Merci aussi Quentin Gibeaux, bénévole à l’April, qui découpe le podcast complet en podcasts individuels par sujet. Si vous êtes intéressé par une manière simple de contribuer je suis sûr que Quentin serait ravi d’avoir de l’aide pour découper ces podcasts, ça ne lui pas prend pas forcément beaucoup de temps toutes les semaines, mais toutes les semaines ça lui prend du temps. C’est un exemple de manière par laquelle vous pouvez contribuer à Libre à vous !. N’hésitez pas à nous contacter si ça peut vous intéresser, je crois qu’il n’y a pas forcément besoin de grandes compétences techniques et que ça peut s’apprendre relativement facilement.

Vous retrouverez sur notre site web, libreavous.org, toutes les références utiles, ainsi que sur le site de la radio, causecommune.fm.
N’hésitez pas à nous faire des retours pour indiquer ce qui vous a plu mais aussi des points d’amélioration. Vous pouvez également nous poser toute question, nous y répondrons directement ou lors d’une prochaine émission. Toutes vos remarques et questions sont les bienvenues à l’adresse contact chez libreavous.org.

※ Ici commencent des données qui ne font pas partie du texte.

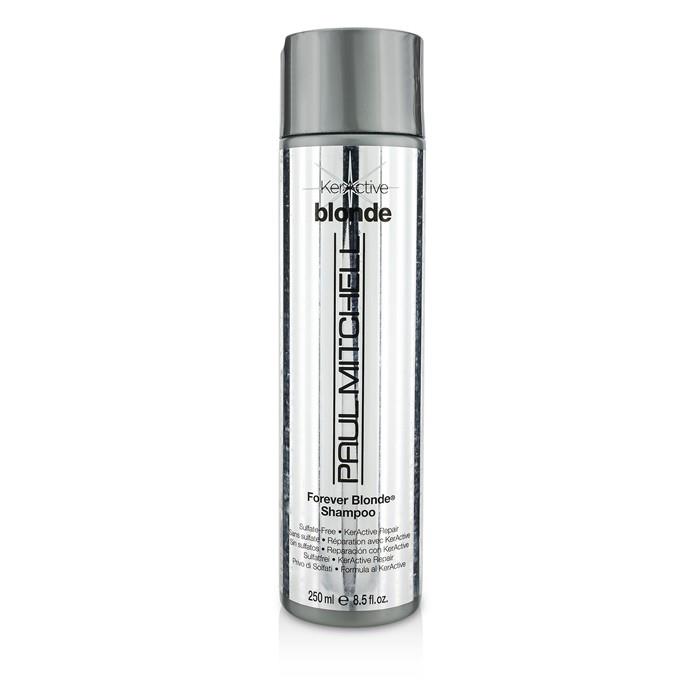 Paul Mitchell ポール ミッチェル フォーエバーブロンド シャンプー  250ML  009531119755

Nous vous remercions d’avoir écouté l’émission.
Si vous avez aimé cette émission, n’hésitez pas à en parler le plus possible autour de vous. Faites connaître également la radio Cause Commune, la voix des possibles.

La prochaine émission aura lieu en direct mardi 14 décembre 2021 à 15 heures 30. Notre sujet principal portera sur le Plan d’action logiciels libres du Gouvernement et du rôle de la Direction ministérielle du numérique, la DINUM.

Nous vous souhaitons de passer une très belle fin de journée. On se retrouve en direct mardi 30 novembre et d’ici là, portez-vous bien.

Générique de fin d’émission : Wesh tone par Realaze.